Most foods I don't like are foods whose texture I don't like. This is lucky, since I can't un-smell what you're eating if you're eating with me. Or maybe luck isn't the dominant factor at all.

We don't have as much scent vocabulary as I could use. Much of it is either taste vocabulary or analogy vocabulary ("like grass" or "like wet wool"). My mom and I can communicate about scent because we can smell equal amounts of stuff and have talked about it for awhile. Unfortunately, none of this is intuitive; someone else with a strong sense of smell will not automatically know what we mean that something smells "sort of to the left and up." So if you ask what you smell like and I list off a couple of things like your soap and your lotion and then wave my hands and say "like a [your name]," it's just that I lack vocabulary. Or that the vocabulary I have would sound unpleasant when the reality is not.

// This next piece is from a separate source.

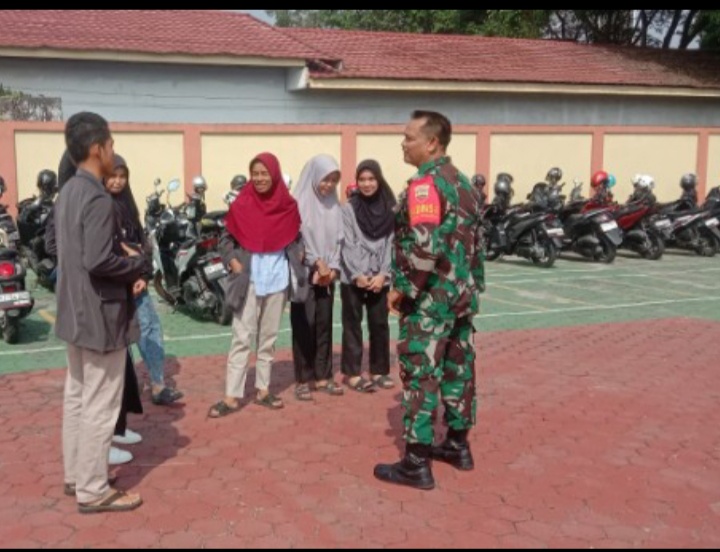 Babinsa Serka Junaidi Berikan Penyuluhan Pancasila Kepada Siswa SMAN 8 Kelurahan Air Jamban, Kampung Pancasila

Scent-sensitive people learn not to talk about a lot of this stuff. If you share your home with people and smell that they are ill, it's not considered polite to offer them remedies for the sniffles they haven't mentioned (at best; at worse, it's considered a little crazy). It is perfectly polite to tell your friends that you were thinking about what they were saying after they'd gone, even that you could hear their voice in your head repeating something to you, but telling them that you were happy to smell them in your house or clothing after they'd gone is generally not nice, or else implies more than you might want it to. It sounds more intimate to people than sight or sound, and yet it's unavoidable. Unintended intimacy, I guess. But you can't warn people by saying, "if I hug you, I will smell you," because that's...more than a little weird, frankly.

porphyrin mentioned that her sense of smell had been heightened during pregnancy, and that this was not uncommon. I don't think it's the same experience. I used the analogy of cochlear implants with her, and it's what I believe: it is entirely different to have a strong sense from birth than to get it later. People with cochlear implants have to work very, very hard to learn to filter the data they're receiving and place it in context. People with "normal" or excellent hearing do it automatically. Also, most of us are not nauseated a lot of the time, which helps.

Some smells are perfectly bearable at one strength and horrible at another. I once got a shampoo that felt to me like someone had made a mint truncheon and was attempting to rhythmically beat the inside of my nostrils with it. I like mint. Not that much mint.

When they discontinue my lotion and I have to choose new, it feels like a stranger is following me around the house, hovering at my shoulder, for days and days. Same for the hand soaps we have in the bathroom, shampoos, body wash, detergent, and dish detergent. I do not change such products lightly. It's very distracting when I do.


Okay, enough spamming my friends page for one day. I'm going to poke the book with a long metaphorical stick and then get some rest.